How a Corporate Trust Service Can Serve a Business

Corporate trusts are a smart way for a business to ease specialized aspects of their finances by giving them to an independent trust company to manage. If your company doesn’t have the resources to manage sophisticated transactions, then having a corporate trust service could make or break your bottom line.

What is a Corporate Trust?

A trust is simply a legal agreement in which you transfer assets from one entity (the grantor) to another (the trustee) for third person’s benefit (the beneficiary). The trustee manages the grantor’s assets and distributes them to the beneficiary based on the trust’s terms.

So why create a trust for your business? There are several potential benefits to consider including the following:

  • Wealth management: A trust can manage your business assets and distribute a beneficiary’s income.
  • Tax benefits: Certain trusts offer tax benefits to some companies.
  • Asset protection: A trust can keep your business assets out of a lawsuit or creditor’s reach.
  • Estate planning: You can transfer your business assets to an heir without worrying about probate.

How Corporate Trust Services Work

If you’re seeking corporate trust services, you’ll typically find them at banks and financial legal firms. In a trust agreement, your company is referred to as the beneficiary, and the company acting on its behalf is called the trustee.

Whatever your business needs are, financial planning, portfolio, and asset management are just the beginning. These services usually come complete with financial planners, administrative personnel, certified accountants, investment managers, real estate experts, and attorneys all lending their expertise to managing your finances.

Picking the Right Company for Your Needs

You’ll need to consider several different factors in order to find the right trust company.
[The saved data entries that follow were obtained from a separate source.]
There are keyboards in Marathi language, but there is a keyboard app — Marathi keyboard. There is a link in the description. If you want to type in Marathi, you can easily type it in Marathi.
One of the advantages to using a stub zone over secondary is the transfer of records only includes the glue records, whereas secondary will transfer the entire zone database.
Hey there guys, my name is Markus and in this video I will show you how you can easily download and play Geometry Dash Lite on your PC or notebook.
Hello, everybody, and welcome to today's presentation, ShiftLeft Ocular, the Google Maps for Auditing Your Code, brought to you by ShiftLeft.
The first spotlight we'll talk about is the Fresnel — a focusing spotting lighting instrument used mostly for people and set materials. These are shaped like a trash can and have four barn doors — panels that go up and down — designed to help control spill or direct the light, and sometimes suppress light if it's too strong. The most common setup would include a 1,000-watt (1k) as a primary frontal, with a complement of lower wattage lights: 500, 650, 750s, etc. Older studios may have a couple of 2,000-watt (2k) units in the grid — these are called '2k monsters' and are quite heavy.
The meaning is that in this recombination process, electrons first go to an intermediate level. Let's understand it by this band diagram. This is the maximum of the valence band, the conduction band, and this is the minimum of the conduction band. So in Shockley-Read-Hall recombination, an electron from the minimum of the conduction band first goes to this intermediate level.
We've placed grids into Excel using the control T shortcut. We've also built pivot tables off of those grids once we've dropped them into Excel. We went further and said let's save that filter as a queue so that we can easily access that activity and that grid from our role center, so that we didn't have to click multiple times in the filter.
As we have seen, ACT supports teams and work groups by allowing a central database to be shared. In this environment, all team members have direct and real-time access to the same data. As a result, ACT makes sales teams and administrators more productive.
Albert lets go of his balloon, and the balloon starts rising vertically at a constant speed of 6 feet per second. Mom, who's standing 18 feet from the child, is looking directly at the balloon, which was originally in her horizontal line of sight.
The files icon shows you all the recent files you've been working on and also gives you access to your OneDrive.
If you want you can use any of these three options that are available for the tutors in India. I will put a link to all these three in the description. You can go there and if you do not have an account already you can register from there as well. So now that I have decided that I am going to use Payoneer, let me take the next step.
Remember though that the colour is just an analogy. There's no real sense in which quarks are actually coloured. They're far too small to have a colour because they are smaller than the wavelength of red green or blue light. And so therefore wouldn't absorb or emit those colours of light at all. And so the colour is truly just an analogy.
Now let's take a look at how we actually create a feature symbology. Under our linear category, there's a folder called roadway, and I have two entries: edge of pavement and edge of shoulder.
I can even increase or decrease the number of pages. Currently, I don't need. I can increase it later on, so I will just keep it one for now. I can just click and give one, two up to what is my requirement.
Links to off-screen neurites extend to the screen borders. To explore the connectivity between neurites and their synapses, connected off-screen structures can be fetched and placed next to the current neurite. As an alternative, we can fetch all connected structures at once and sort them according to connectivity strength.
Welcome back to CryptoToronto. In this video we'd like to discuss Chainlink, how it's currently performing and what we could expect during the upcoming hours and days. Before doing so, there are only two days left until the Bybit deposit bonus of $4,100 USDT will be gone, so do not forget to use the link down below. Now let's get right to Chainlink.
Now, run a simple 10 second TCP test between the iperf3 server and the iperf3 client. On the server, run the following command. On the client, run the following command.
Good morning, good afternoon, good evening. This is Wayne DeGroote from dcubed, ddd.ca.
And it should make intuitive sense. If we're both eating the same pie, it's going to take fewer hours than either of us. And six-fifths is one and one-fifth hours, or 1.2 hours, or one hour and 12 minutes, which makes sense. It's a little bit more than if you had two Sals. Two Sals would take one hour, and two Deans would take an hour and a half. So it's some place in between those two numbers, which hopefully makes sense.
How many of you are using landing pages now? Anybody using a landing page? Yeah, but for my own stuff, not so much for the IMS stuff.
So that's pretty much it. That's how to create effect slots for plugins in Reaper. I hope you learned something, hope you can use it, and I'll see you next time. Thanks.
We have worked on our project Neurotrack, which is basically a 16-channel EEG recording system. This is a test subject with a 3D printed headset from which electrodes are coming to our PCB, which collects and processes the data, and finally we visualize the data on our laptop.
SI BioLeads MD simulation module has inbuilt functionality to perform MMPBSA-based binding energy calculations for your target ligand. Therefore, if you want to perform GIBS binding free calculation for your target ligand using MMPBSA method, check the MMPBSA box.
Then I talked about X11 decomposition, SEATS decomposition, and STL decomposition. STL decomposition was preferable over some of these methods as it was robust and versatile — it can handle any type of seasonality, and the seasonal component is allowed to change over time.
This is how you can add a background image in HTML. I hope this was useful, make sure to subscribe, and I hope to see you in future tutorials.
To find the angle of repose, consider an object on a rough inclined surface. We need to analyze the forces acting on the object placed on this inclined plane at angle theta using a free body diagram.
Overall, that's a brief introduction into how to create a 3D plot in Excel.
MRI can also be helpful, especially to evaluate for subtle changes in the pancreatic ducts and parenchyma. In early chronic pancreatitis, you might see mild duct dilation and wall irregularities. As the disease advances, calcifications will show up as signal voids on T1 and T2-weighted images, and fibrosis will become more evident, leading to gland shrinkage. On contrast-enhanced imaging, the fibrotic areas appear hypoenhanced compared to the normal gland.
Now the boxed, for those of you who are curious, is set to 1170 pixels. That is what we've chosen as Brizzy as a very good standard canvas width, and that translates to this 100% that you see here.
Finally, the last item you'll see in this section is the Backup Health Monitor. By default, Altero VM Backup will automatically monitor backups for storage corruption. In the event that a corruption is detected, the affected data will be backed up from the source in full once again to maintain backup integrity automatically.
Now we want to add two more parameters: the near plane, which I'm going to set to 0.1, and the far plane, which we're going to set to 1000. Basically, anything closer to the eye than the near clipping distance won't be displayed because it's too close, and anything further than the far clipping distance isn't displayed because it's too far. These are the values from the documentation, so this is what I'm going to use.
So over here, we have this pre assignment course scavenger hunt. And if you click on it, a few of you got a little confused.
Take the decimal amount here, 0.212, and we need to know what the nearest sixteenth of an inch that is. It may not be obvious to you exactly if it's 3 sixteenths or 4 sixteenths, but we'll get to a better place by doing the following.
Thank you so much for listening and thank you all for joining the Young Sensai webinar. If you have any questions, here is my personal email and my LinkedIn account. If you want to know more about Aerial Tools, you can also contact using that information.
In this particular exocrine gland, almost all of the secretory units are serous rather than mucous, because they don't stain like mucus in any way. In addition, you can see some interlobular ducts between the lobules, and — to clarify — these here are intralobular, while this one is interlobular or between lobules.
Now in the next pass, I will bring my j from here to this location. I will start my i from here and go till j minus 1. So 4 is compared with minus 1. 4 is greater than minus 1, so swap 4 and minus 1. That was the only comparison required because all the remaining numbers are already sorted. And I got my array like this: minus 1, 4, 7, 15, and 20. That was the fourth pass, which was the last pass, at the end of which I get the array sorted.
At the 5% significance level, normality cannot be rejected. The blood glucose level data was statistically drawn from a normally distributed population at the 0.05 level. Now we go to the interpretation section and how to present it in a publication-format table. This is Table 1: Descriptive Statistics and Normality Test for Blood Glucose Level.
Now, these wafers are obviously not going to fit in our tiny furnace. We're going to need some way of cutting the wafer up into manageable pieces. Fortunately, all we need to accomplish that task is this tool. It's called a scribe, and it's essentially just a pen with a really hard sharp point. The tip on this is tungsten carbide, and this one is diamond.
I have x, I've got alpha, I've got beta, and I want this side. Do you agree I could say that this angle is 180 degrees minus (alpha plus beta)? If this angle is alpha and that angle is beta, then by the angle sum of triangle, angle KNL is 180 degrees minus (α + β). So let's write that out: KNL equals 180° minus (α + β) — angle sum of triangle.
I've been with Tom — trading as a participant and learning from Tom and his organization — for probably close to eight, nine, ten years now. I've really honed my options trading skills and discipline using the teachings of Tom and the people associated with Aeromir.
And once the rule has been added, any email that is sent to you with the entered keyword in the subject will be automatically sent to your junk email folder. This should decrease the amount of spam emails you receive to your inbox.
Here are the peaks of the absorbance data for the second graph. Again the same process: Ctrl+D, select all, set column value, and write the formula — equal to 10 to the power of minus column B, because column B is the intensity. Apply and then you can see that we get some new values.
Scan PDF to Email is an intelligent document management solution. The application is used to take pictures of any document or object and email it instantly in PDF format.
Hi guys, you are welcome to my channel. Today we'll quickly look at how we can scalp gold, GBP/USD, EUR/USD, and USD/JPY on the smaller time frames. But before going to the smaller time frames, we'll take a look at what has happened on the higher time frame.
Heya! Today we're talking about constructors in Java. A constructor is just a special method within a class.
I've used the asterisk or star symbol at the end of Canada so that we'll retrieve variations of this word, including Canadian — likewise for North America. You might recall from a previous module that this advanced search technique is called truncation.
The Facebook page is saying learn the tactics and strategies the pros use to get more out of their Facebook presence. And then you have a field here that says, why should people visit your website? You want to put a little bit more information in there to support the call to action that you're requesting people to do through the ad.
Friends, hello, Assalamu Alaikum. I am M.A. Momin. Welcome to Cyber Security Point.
First and foremost, knowing what services you require will help you research different licensed companies with good reputations. Verify their fee structures and schedule a consultation to get a sense of their communication style and willingness to cater to your concerns. Finally, be sure the company’s approach matches your own financial goals and risk tolerance regarding your business.

How to Open an Account for a Company Trust

Although the precise plan will vary depending on the advice of your financial planner, there are a few universal steps that will apply:

  • Choose your trustee: As mentioned, a trustee manages the assets and will open the bank account. You can choose an individual, a bank, or a similar entity.
  • Draft the document: A trust document outlines the terms of the relationship, including the responsibilities and powers of the trustee and how the assets will be distributed.
  • Fund the trust: You must transfer the assets you want the trustee to manage.
  • Gather your documents: The bank will require the trust document, your business tax number, and other documents as requested.
  • Open the account: With all of the required documents in place, you can finish opening the account for your business trust.

Corporate trusts can serve as valuable tools for your business’ financial needs, including asset protection and wealth management. If you think this might be the right move for your business, be sure to first consult with a trusted financial advisor or attorney to determine the next steps to take.